Precious metals are following gold sharply higher this morning, as growing unrest over President Trump's declared Middle East immigration ban rattles investors.
Spot gold is more than $17 an ounce higher at $1,212.50 in early New York trading, with April COMEX futures close behind. Spot silver is up 2.2% to $17.45, with March silver futures also keeping pace. Spot platinum is up $7.00 at $994.00, while April platinum flat. Palladium, which has been the best performing precious metal in 2017 so far, is up nearly 2% this morning to $752.00. March palladium futures are also $14 higher.
The Shanghai Gold Exchange, Asia's largest, was closed yesterday (and today) for the Chinese New Year, removing some demand from the market, but gold prices began climbing in Asia almost immediately after the open. Traders and investors are piling into safe haven plays, as global protests continue over the sudden US travel ban on residents of seven unstable countries in Central Asia where there is known Islamic terrorist activity. Trump also made waves by dismissing the country's acting attorney general. Tuesday marks the third consecutive day of gains for gold. January is rounding out as the best month for the yellow metal since June.
Aside from markets reacting to news out of the White House, there was a lot of focus on economic data out of Europe today. The annual inflation rate in the eurozone was most recently clocked at 1.8%, the fastest acceleration of consumer prices since 2013. Unemployment in the region has hit its lowest since 2009, while the modest 0.5% rate of GDP growth in the EU during the fourth quarter was generally taken as a surprise to the upside. This helped the euro recover from an 11-day low to trade at about $1.08.
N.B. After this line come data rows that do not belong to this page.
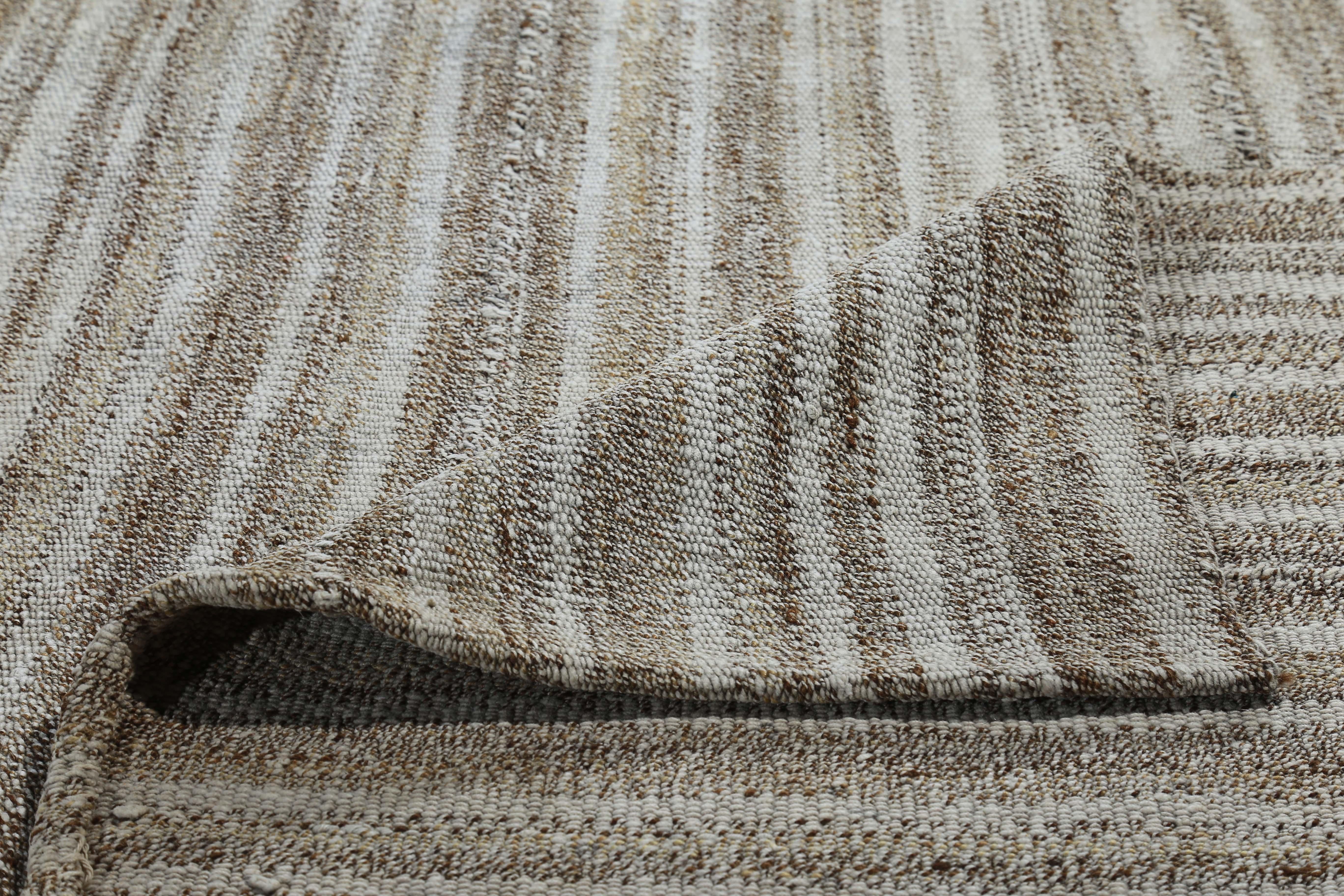 Modern Turkish Kilim Rug with Brown Pencil Stripes on Gray Field In New Condition For Sale In Dallas, TX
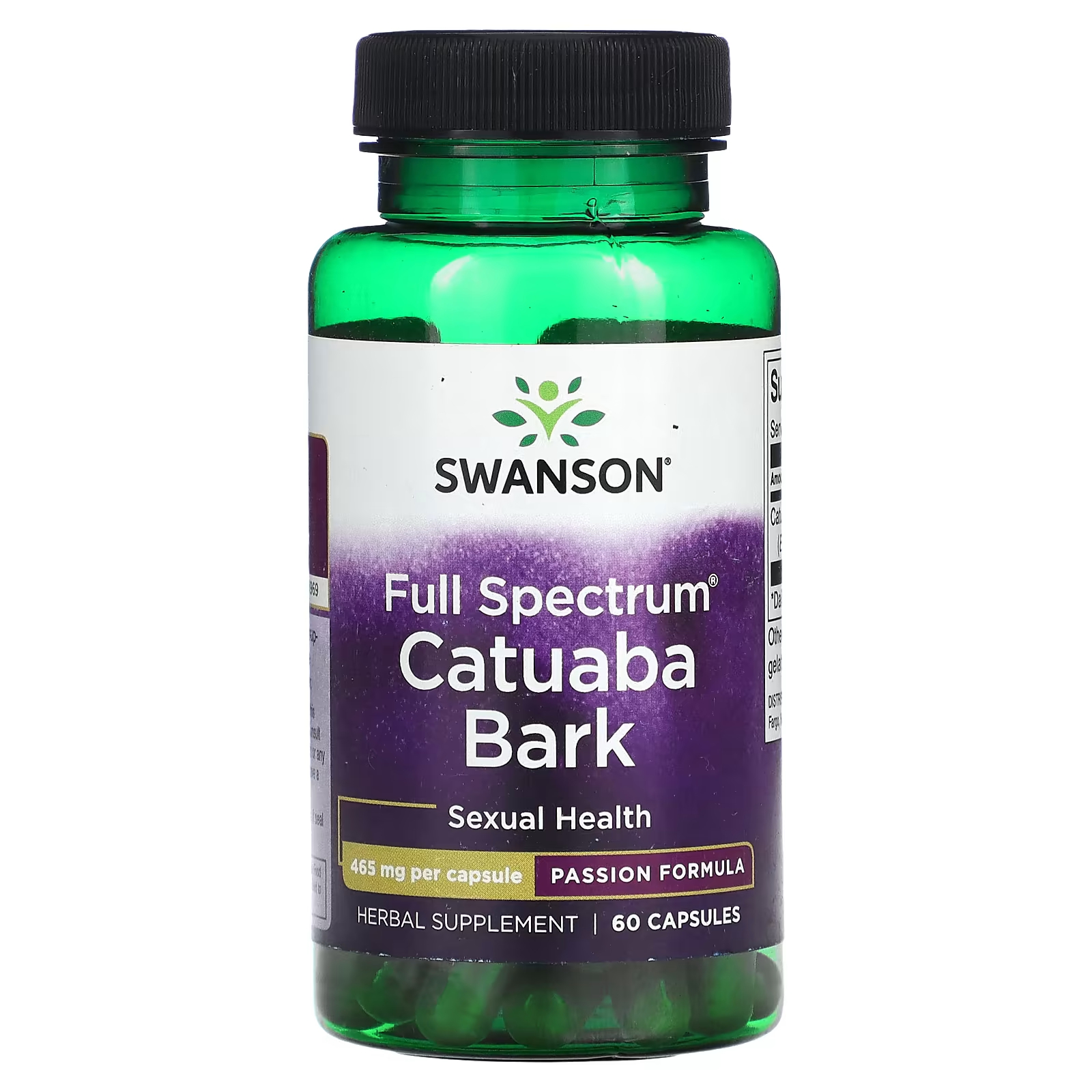 Растительная добавка Swanson Full Spectrum Catuaba Bark 465 мг, 60 капсул swanson full spectrum кора катуабы 465 мг 60 капсул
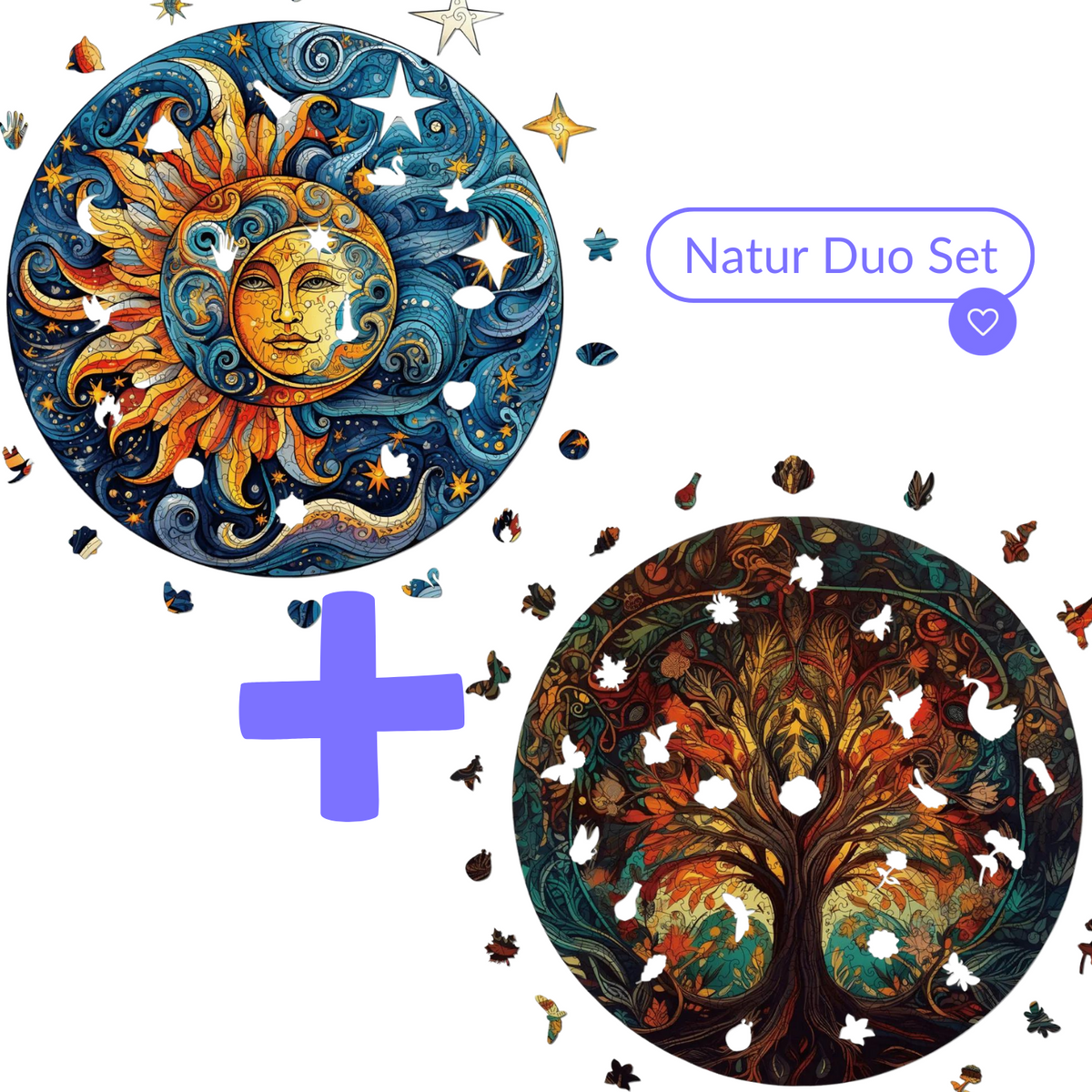 Natuur Duoset-L | Mandala Puzzelbundel-Houten Puzzel-MagicHolz--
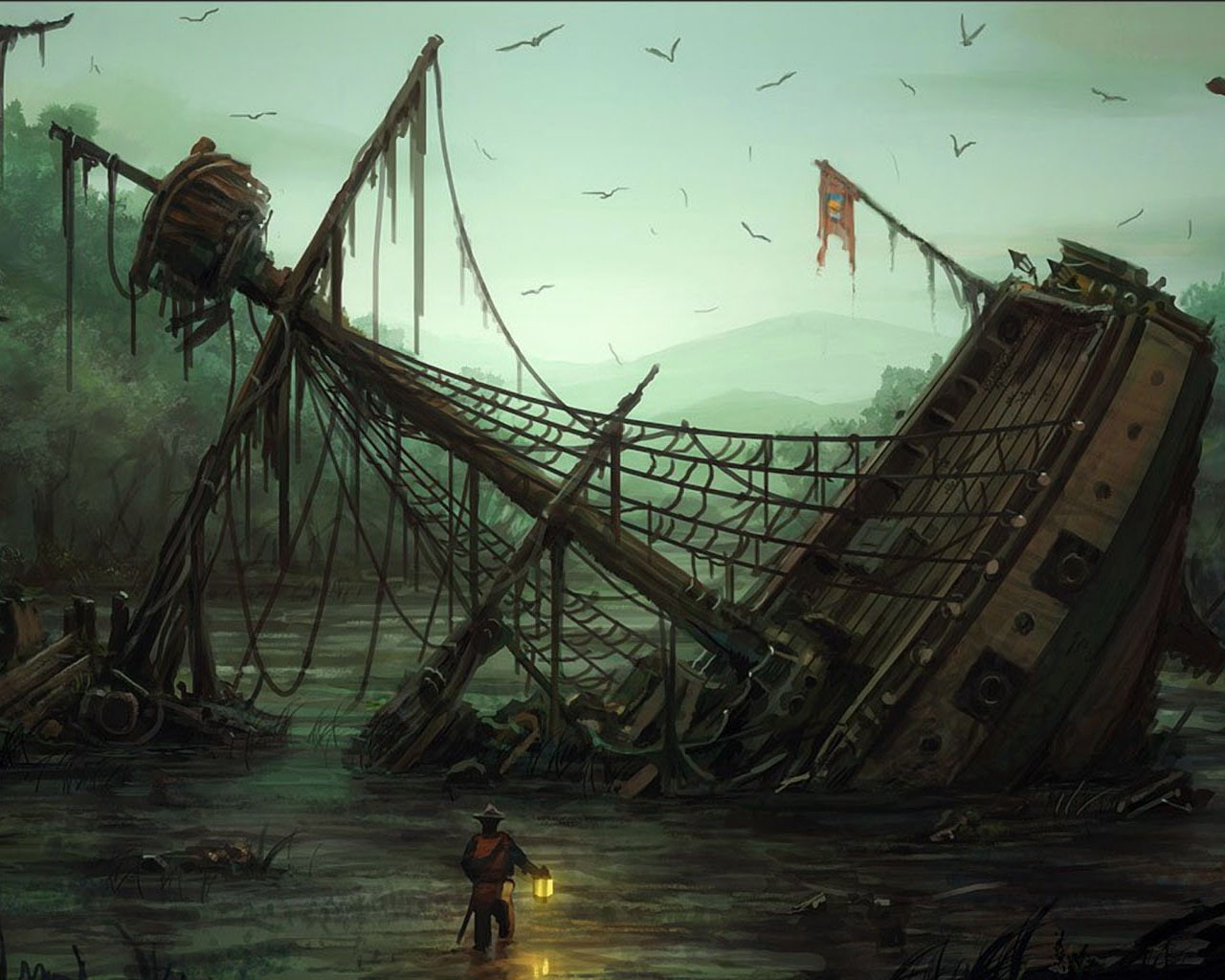 Fantasy, Pirate, Artwork, Old, Ship, Wreck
Elsewhere in Europe, Germany's Deutsche Bank (DB) is again adding to its ledger of fines and out-of-court settlements. After regulators heaped another fine on the megabank for allegedly providing assistance to Russian money launderers, the firm's fines have now piled up to $629 million. Of course, this still pales in comparison to the $10 billion the bank is accused of helping change hands in the scheme.
Meanwhile, the Bank of Japan (BOJ) stood pat at its most recent meeting. The central bank's inflation outlook is mostly unchanged, meaning that stimulus measures are expected to remain in place. Yet, the more encouraging data from Europe is raising questions about whether or not the European Central Bank (ECB) will continue its own stimulus program or scale back its efforts.
Looking ahead, tomorrow the Federal Reserve Open Market Committee (FOMC) will conclude its two-day meeting with an announcement to the press. Investors will also be closely watching quarterly earnings data from Apple Inc. (AAPL) this afternoon.